Manage your personal portfolio for smooth life navigation

It's advisable to ditch the green book ID and get the smart card ID to ensure future transactions or travel plans run smoothly.

YOUR life is documented and numbered from your birth to your death and getting your personal paperwork in order is vital for your legal welfare, travel and emigration.

As much as we hate the rigmarole, frustration, steely determination and time necessary to accomplish the task, this is the recommendation of Jacqui Bristow, owner of Precision Risk Management, Margaret Hirsch Women in Business Achiever of the year finalist and guest speaker at the Hirsch’s Hillcrest businesswomen networking morning last week.

Sage advice considering the onslaught of emigration enquiries and documentation requirements now in South Africa and abroad.


Jacqui Bristow, is the April Margaret Hirsch Woman In Business Award for the month winner. Hirsch’s Jonathan Brauteseth gave her a framed certificate art the recent Hirsch’s Hillcrest businesswomen networking morning.


Smart card ID

“Green ID documents are being replaced by the smart card ID due to various reasons including our biggest factor in South Africa, fraud,” said Bristow.

The smart card ID is currently only for South African born citizens and not for immigrants.

“It is strongly recommended that people apply for their smart card IDs as this is digital and a little more difficult for people to cut out the photo of the ID holder and replace it with their own photos in the green ID book (as has been happening in the past).”

Children under the age of 18 years applying for an ID, whether it’s the first time or due to loss, must have both parents present for application.

Both parents also have to accompany a child under the age of 18 years for passport application.

All children 15 years and over have to collect the ID and passports personally.

It is important to keep your ID pristine and intact (not washed/damaged) as this is seen as a tampered document.

“Only banks in Gauteng are processing smart card IDs and passport applications at this stage.”

Married certificates

Women who are married but do not have an ID with their spouse’s surname, must renew it as this will cause future problems with bank accounts when the bank picks up a different surname from the one reflected on identity documents.

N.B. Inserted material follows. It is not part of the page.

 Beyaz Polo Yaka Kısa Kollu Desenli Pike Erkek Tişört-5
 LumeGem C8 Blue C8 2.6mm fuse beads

It could also have an adverse effect in winding up estates should anything happen and the ID does not have the correct surname.

“Marriage Certificates are being converted to Unabridged Marriage Certificates which are also printed versions of the old marriage certificates placed in ID documents and the handwritten ones that many people have. These are used for travelling abroad especially to Shengan states and are also required for immigrating,” Bristow said.

Should you get divorced, the divorce decree is essential.

Bristow said things start getting trickier regarding divorces, death, estrangements and single parents as there are various factors that come into play and she deals which each case separately.


Work locally and abroad

Should you wish to become a teacher abroad you need to have all your documents and certificates certified and legalised.

Many companies in South Africa and overseas are now asking for matric certificates, even if you are already employed in the company, due to many people not being honest in their CVs.

Children and travel

Children under the age of 18 years must travel with an unabridged birth certificate, whether accompanied by parent/guardian or on their own.

The unabridged birth certificate is a legal (printed) document issued by Department of Home affairs. It has the child’s details as well as the mother and father’s details.

Should the child under 18 years travel without one parent, it is imperative that full permission is given by the other parent.

Should the mother or father’s details not be on the birth certificate for various valid reasons, only permission from the one parent is required.

Bristow said the new rule is that both parents have to be present at the application of ID and passport for a child under the age of 18 years. “But there are certain exceptions to this rule, again specific to each case.”


What is a vault document and an unabridged document

A Vault Copy of a document is the original document for birth, marriage or death. “This document is a handwritten document at the offset and is naturally kept under lock and key. When requested, only a copy certified by the department will be provided.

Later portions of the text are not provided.